§ **ABOUT THIS TASK**: No pictures belong in the copy. Restate the rest of the data exactly.

§ **COLLECTED MATERIAL**:
____________
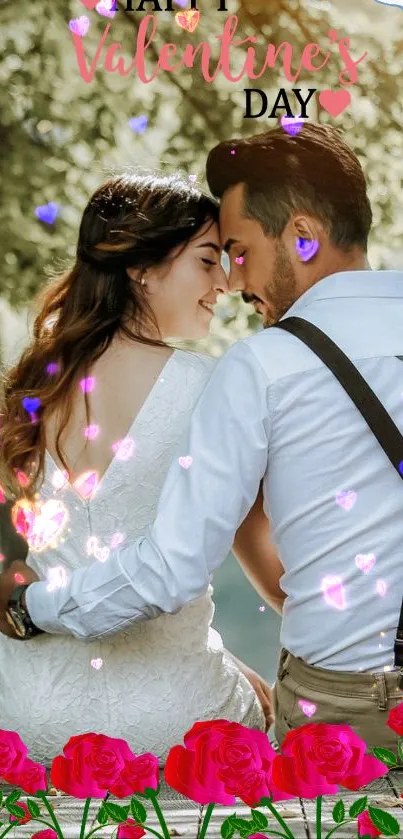 Romantic couple in embrace with Valentine's Day theme.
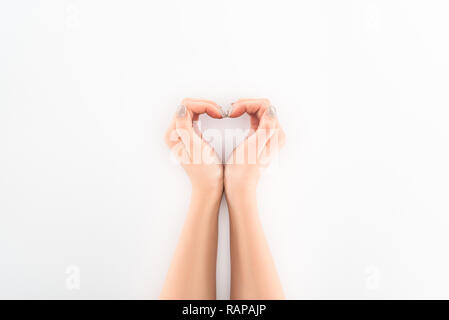 cropped image of woman making heart symbol by hands, st valentine day concept Stock Photo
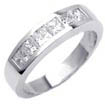 0.80CT Princess Diamond Half Wedding Band 14k White Gold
____________
§ **RESPONSE**:
 Romantic couple in embrace with Valentine's Day theme.
 cropped image of woman making heart symbol by hands, st valentine day concept Stock Photo
 0.80CT Princess Diamond Half Wedding Band 14k White Gold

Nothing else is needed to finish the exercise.